In September, the S&P 500, a widely used measure of stock values, had its best quarter since 1939, said Michael O'Leary, an investment consultant to the fund's Board of Trustees.
"It was an absolutely marvelous quarter," O'Leary, said. "It almost undid the harm that was done in the June quarter," he said.
The board began meeting in Juneau Tuesday for a two-day review of the $37 billion fund's returns and policies.
It heard a report on the fund's returns and the economy from O'Leary, a vice-president with Callan Associates, an investment advisor to the fund.
O'Leary reported that not only was the fund rebounding strongly, but that the economy was showing signs of recovery as well.
It has been slower to rebound from the recession in the first year than the previous seven recessions, but none was as deep as this one, he said.
Important economic sectors, such as residential and commercial construction, government and autos have been particularly slow to rebound he said.
"All of these things are largely explained by the magnitude of the recession," he said. Some bright spots include declining business inventories and new investments in equipment, which may result in future economic growth.
While Alaska has not been hit nearly as hard as the rest of the nation, more than half of the fund's investments are linked to how well companies do. The funds earnings provide the money from which Permanent Fund Dividends are paid. This year's dividend, based on a rolling five-year average of profits, was $1,281.
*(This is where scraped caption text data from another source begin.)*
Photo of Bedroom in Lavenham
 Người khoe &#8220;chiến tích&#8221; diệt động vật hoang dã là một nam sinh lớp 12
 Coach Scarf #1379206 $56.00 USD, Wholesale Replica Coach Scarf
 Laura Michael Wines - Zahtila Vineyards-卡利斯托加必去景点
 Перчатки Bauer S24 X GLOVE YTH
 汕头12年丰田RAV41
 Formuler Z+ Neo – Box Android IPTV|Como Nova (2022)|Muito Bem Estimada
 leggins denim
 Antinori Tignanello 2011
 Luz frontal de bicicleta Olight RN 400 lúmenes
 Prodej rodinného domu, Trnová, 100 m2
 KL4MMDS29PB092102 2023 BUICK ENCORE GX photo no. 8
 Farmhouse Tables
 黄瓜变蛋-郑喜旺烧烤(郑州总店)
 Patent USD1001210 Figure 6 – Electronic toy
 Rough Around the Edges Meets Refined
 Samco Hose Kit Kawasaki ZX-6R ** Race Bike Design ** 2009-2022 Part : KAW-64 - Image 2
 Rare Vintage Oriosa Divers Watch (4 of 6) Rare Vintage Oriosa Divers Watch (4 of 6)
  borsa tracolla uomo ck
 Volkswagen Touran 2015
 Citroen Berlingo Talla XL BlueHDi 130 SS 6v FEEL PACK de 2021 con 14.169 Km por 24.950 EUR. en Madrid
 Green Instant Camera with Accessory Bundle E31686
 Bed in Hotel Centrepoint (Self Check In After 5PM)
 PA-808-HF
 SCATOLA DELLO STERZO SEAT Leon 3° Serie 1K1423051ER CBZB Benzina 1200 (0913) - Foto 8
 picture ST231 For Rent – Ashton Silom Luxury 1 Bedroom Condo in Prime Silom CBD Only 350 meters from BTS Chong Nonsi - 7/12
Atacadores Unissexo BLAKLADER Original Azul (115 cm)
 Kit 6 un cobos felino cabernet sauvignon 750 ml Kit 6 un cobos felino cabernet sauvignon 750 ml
So far this year the total fund is up 11.4 percent, helped by the strong September O'Leary mentioned. The S&P 500 added 8.9 percent in that quarter alone, he said.
The permanent fund did even better overseas, he said, helped out by a new emphasis on hot emerging markets.
Bonds have lagged a bit recently, he said, but over several years are in the unusual position of outperforming stocks.
The corporation's in-house bond investment team, headed by Jim Parise, received special praise for its returns, especially for its management of the TIPS, or Treasury Inflation-Protected Securities, portfolio, which outperformed competitors at lower cost to the fund.
APFC Chief Investment Officer Jeff Scott said the overall goal of the diversified fund is to produce a real return, meaning above inflation, of 5 percent. And to do so with less volatility and without losing capital.